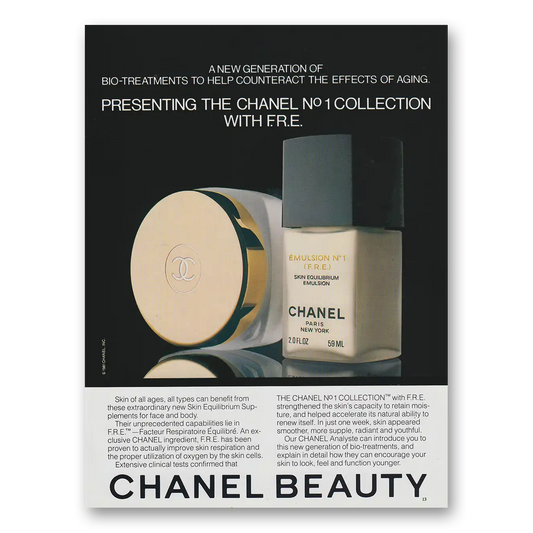 1982 Chanel Beauty No 1 Collection Bio Treatments to Help Counteract Vintage Magazine Print Ad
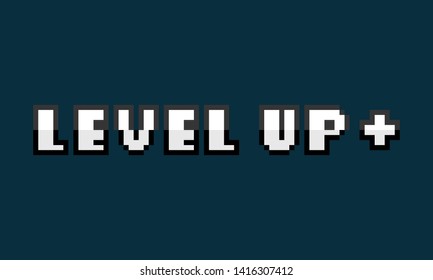 Pixel art level up text design with plus icon.8bit.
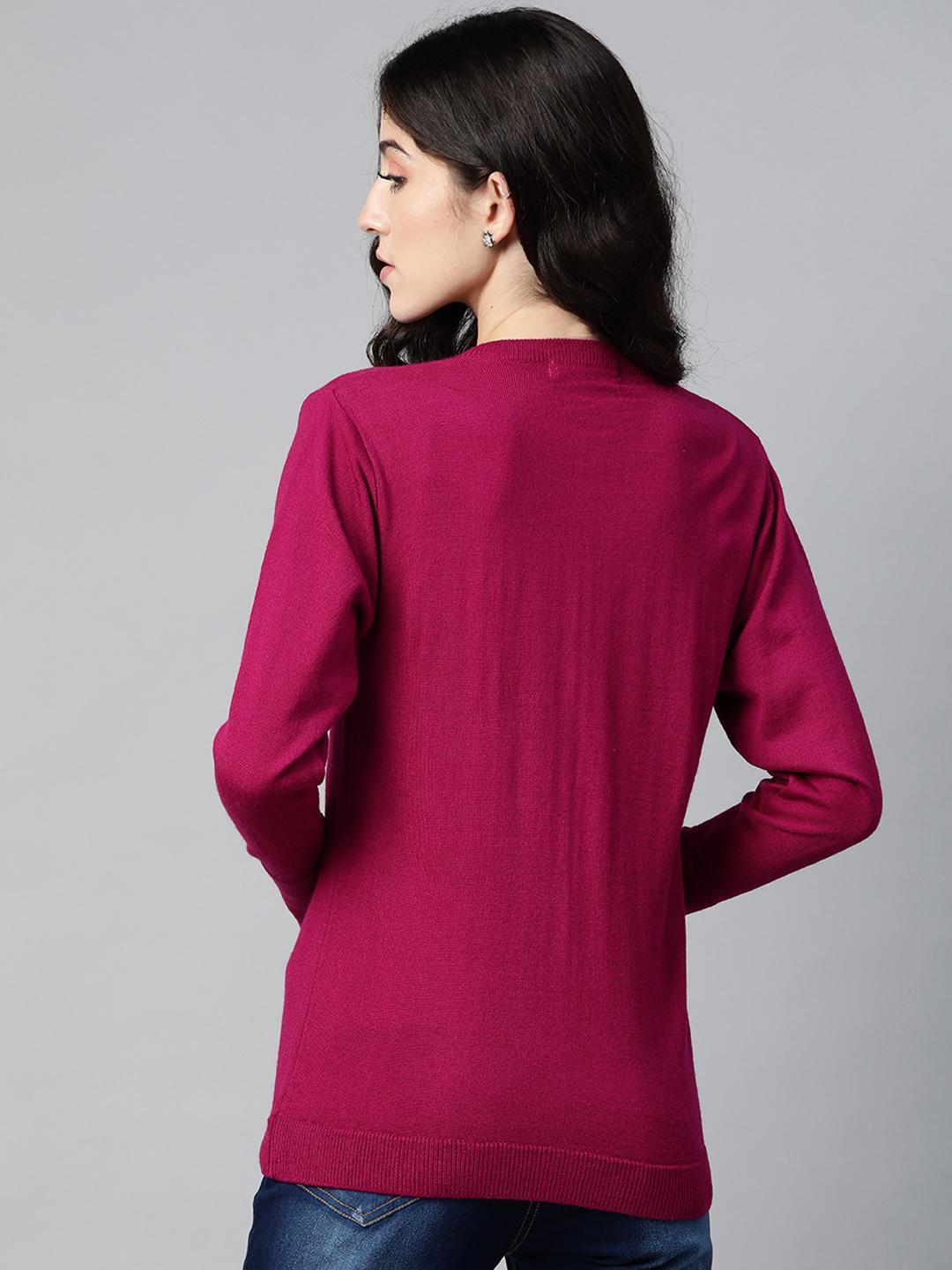 Women Magenta Round Neck Cardigan With Buttoned Sleeves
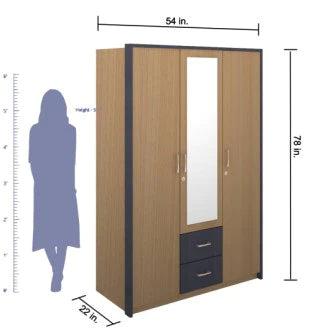 Wardrobe : 3 Door Wardrobe (In Urban Teak)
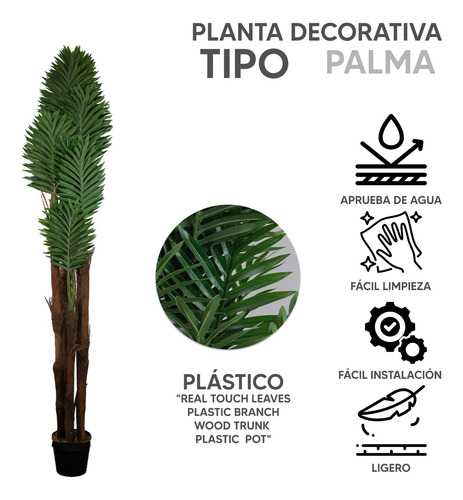 Kit 2 Plantas Artificiales Tipo Palma 180cm Recepcion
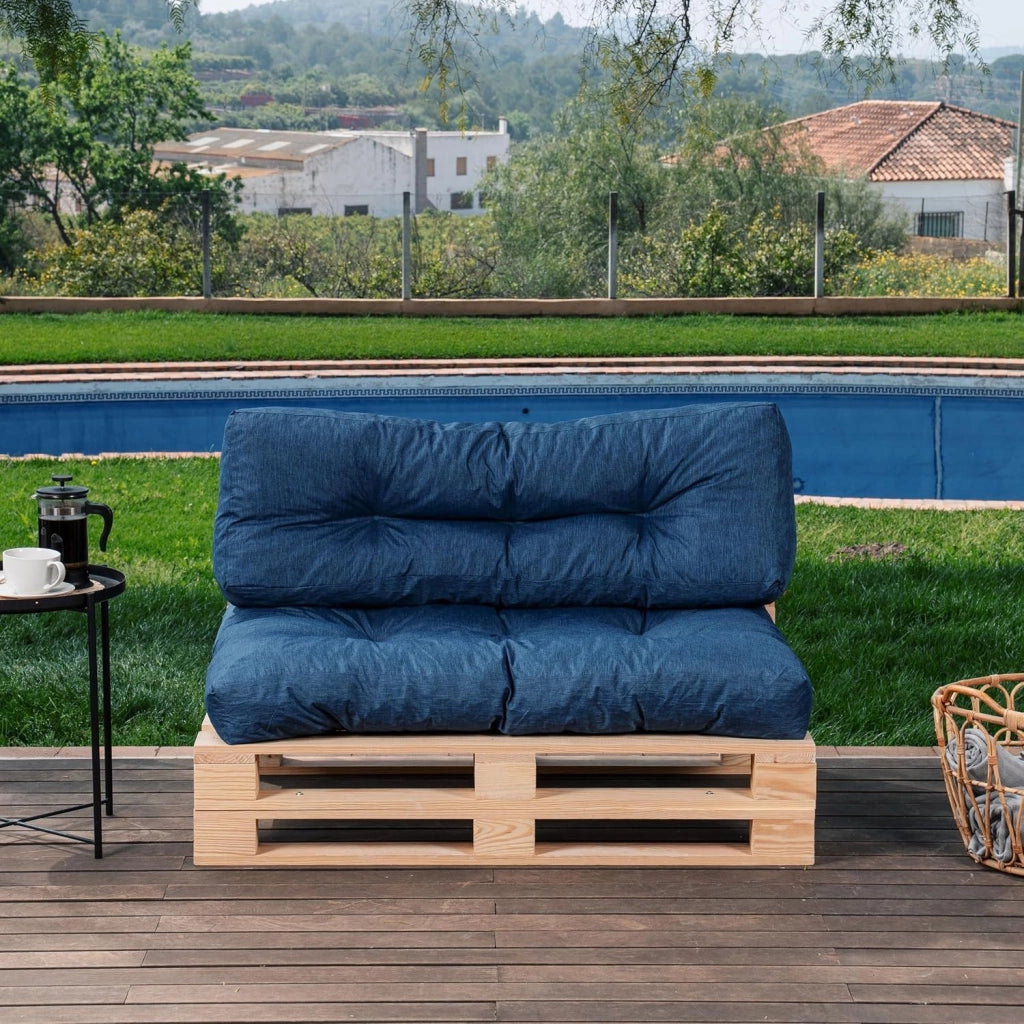 Cuscini per Pallet - Tessuto Idrorepellente e Anti-UV - Molto Confortevole, Imbottito in Schiuma - Cuscini per Divano Esterno Giardino (Seduta 120x80 cm + Schienale 120x40 cm, Blu)
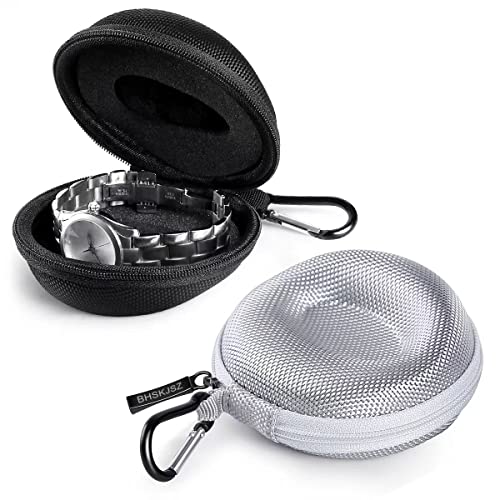 Travel Case for Men and Women - Portable Single Watch Storage Box and Organizer for Wristwatches and Smart Watches - Good Helper for Your Travel - Black/Silver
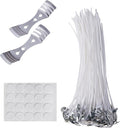 Candle Making Kit with 100 Cotton Wicks 8 inch, 100 Wick Stickers, 2Metal Holders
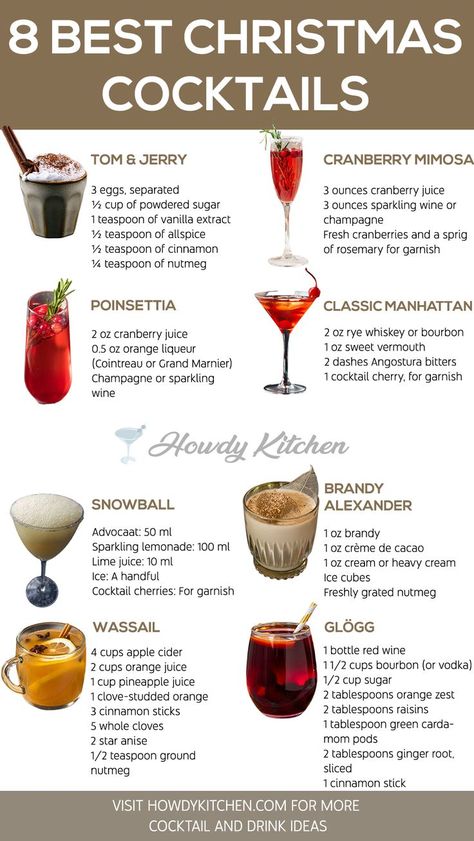 A festive guide showcasing Christmas cocktails like Cranberry Mimosa and Brandy Alexander, Cranberry Mimosa with colorful garnishes and rich holiday flavors, perfect for seasonal celebrations. Christmas Wedding Cocktails, Holiday Themed Cocktails, Xmas Drinks Christmas Cocktails, Simple Christmas Cocktails, Easy Christmas Cocktails Recipes, Ornament Drinks, Mocktail Christmas, Alcoholic Christmas Drinks, Christmas Holiday Drinks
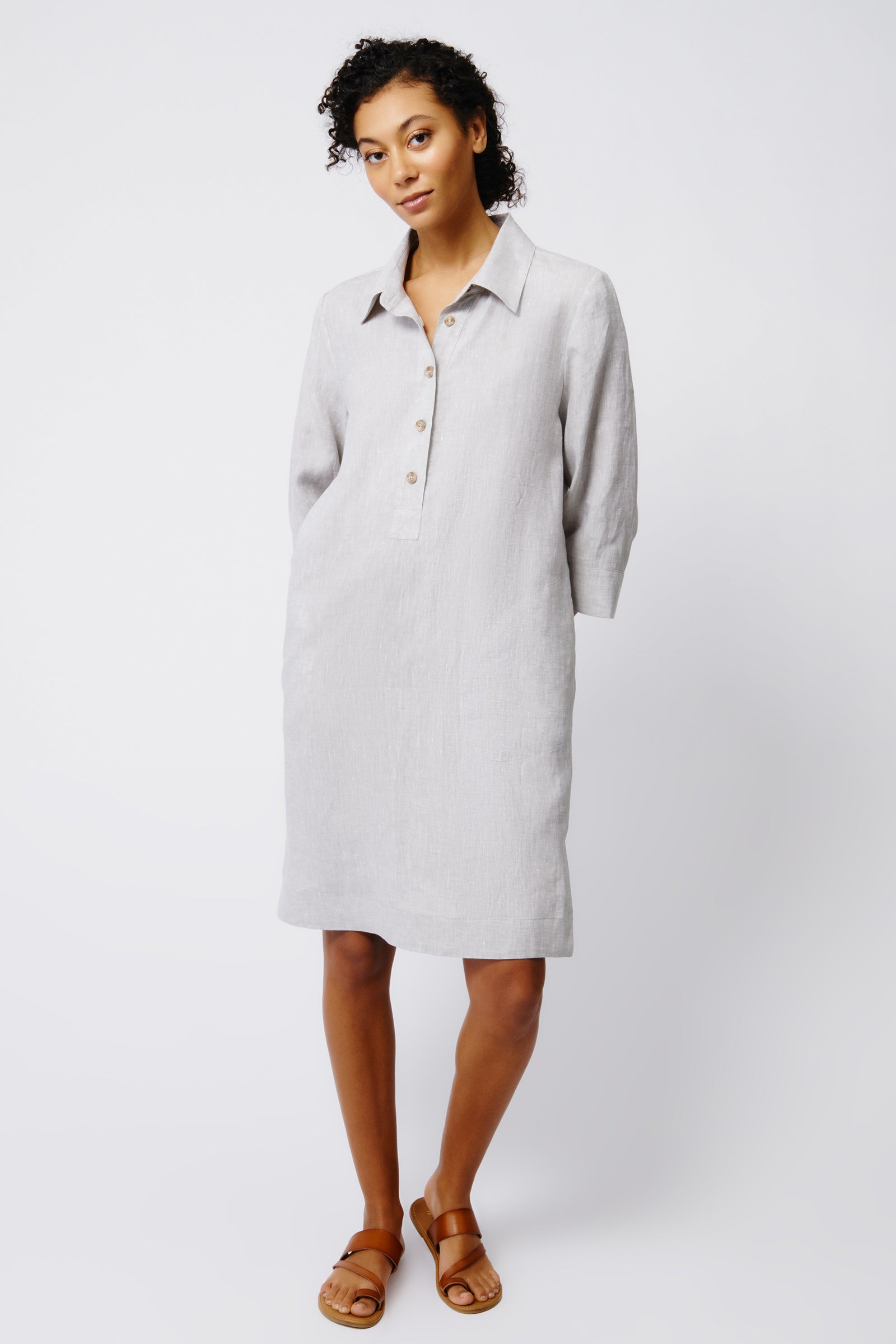 100% European Linen Shirt Dress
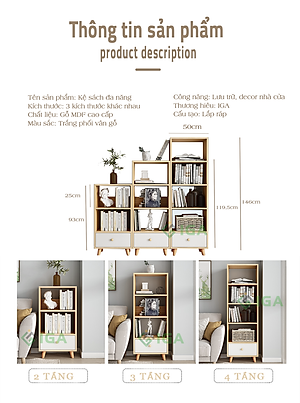 Tủ Sách Đa Tầng S Style Phong Cách Nordic Thương Hiệu IGA - GP144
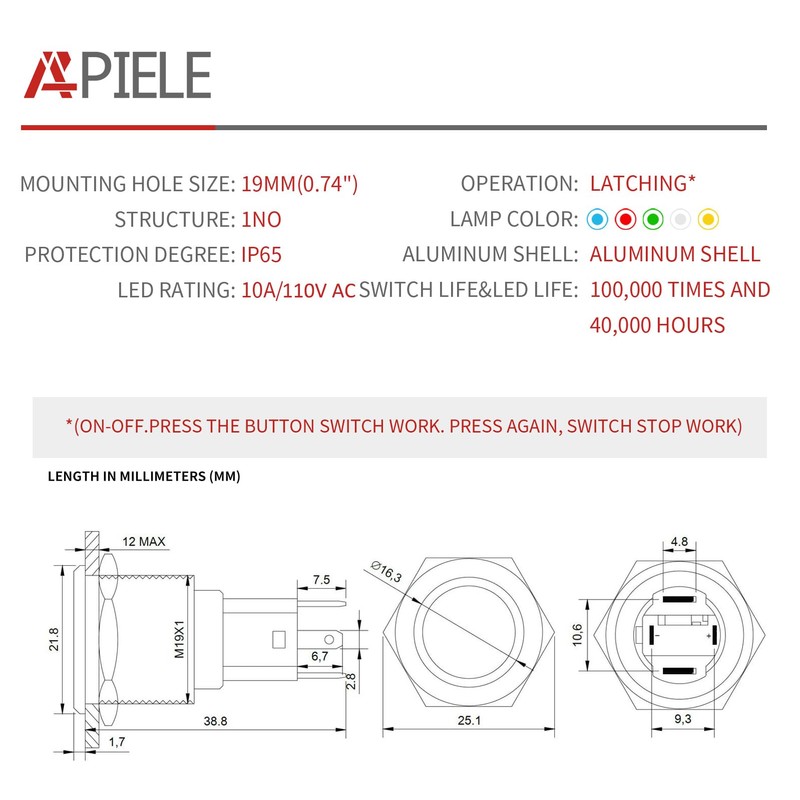 APIELE 10 Amp 19mm Latching Push Button Switch 110V-220V SPST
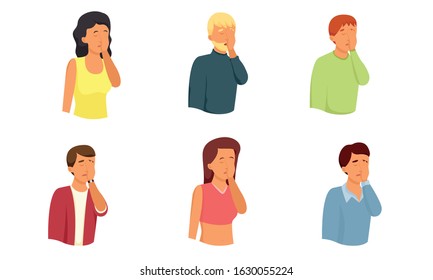 Men and women expressing grief, despair and frustration vector illustration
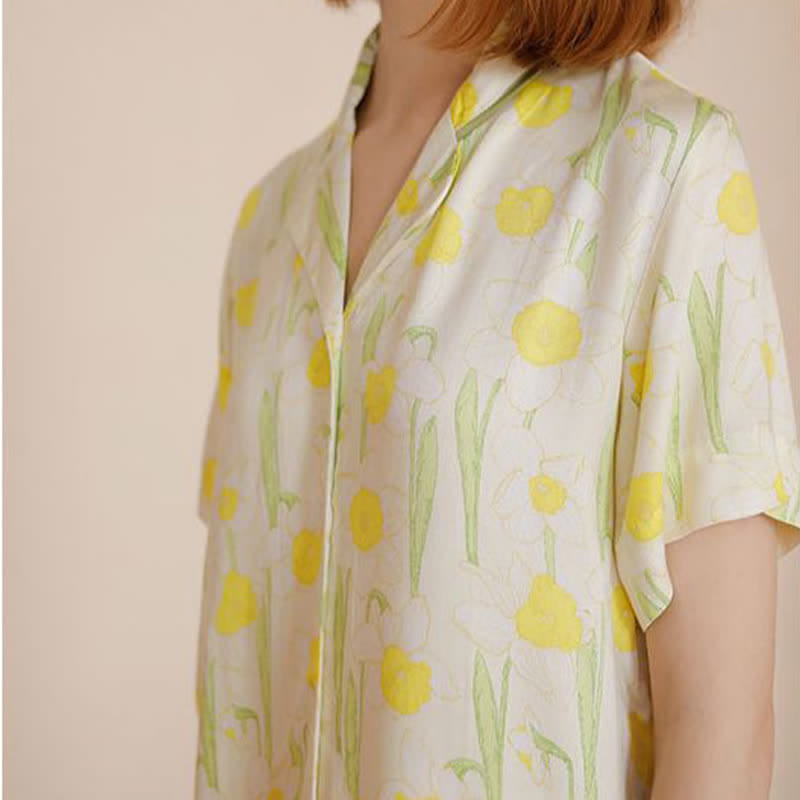 Ownkoti Satin Daffodil Print Short Sleeve Pajama Set - image 5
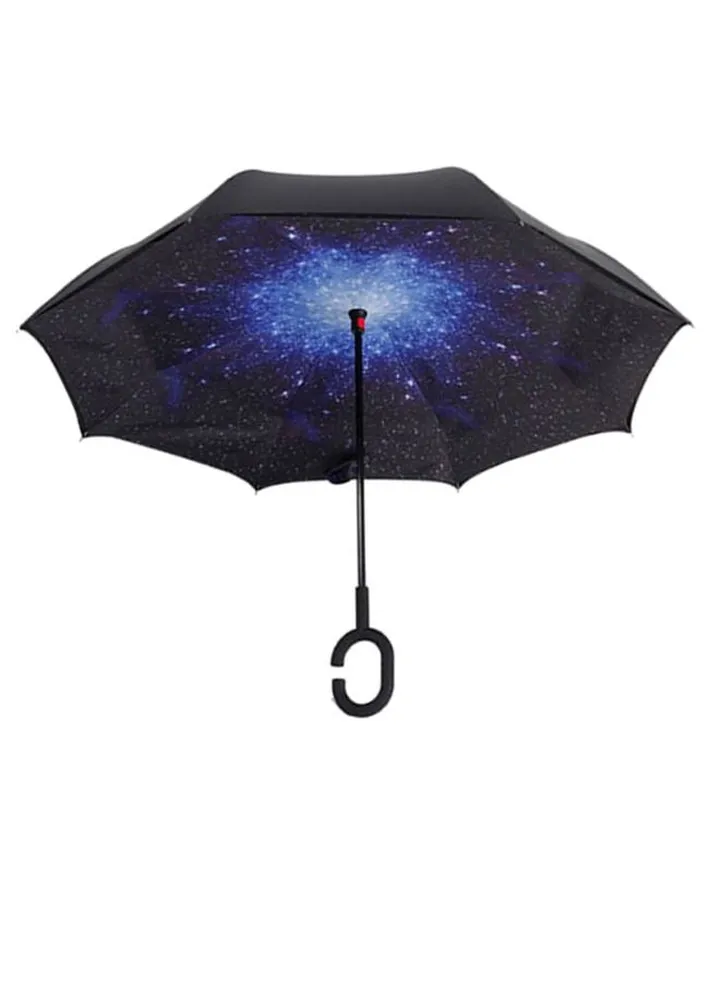 Folding C-Shaped Handle Reversible Umbrella Black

§

WHAT THE TASK ASKS: Only the text of the listing above is wanted, transcribed exactly, without its images.

RESULT:
 1982 Chanel Beauty No 1 Collection Bio Treatments to Help Counteract Vintage Magazine Print Ad
 Pixel art level up text design with plus icon.8bit.
 Women Magenta Round Neck Cardigan With Buttoned Sleeves
 Wardrobe : 3 Door Wardrobe (In Urban Teak)
 Kit 2 Plantas Artificiales Tipo Palma 180cm Recepcion
 Cuscini per Pallet - Tessuto Idrorepellente e Anti-UV - Molto Confortevole, Imbottito in Schiuma - Cuscini per Divano Esterno Giardino (Seduta 120x80 cm + Schienale 120x40 cm, Blu)
 Travel Case for Men and Women - Portable Single Watch Storage Box and Organizer for Wristwatches and Smart Watches - Good Helper for Your Travel - Black/Silver
 Candle Making Kit with 100 Cotton Wicks 8 inch, 100 Wick Stickers, 2Metal Holders
 A festive guide showcasing Christmas cocktails like Cranberry Mimosa and Brandy Alexander, Cranberry Mimosa with colorful garnishes and rich holiday flavors, perfect for seasonal celebrations. Christmas Wedding Cocktails, Holiday Themed Cocktails, Xmas Drinks Christmas Cocktails, Simple Christmas Cocktails, Easy Christmas Cocktails Recipes, Ornament Drinks, Mocktail Christmas, Alcoholic Christmas Drinks, Christmas Holiday Drinks
 100% European Linen Shirt Dress
 Tủ Sách Đa Tầng S Style Phong Cách Nordic Thương Hiệu IGA - GP144
 APIELE 10 Amp 19mm Latching Push Button Switch 110V-220V SPST
 Men and women expressing grief, despair and frustration vector illustration
 Ownkoti Satin Daffodil Print Short Sleeve Pajama Set - image 5
 Folding C-Shaped Handle Reversible Umbrella Black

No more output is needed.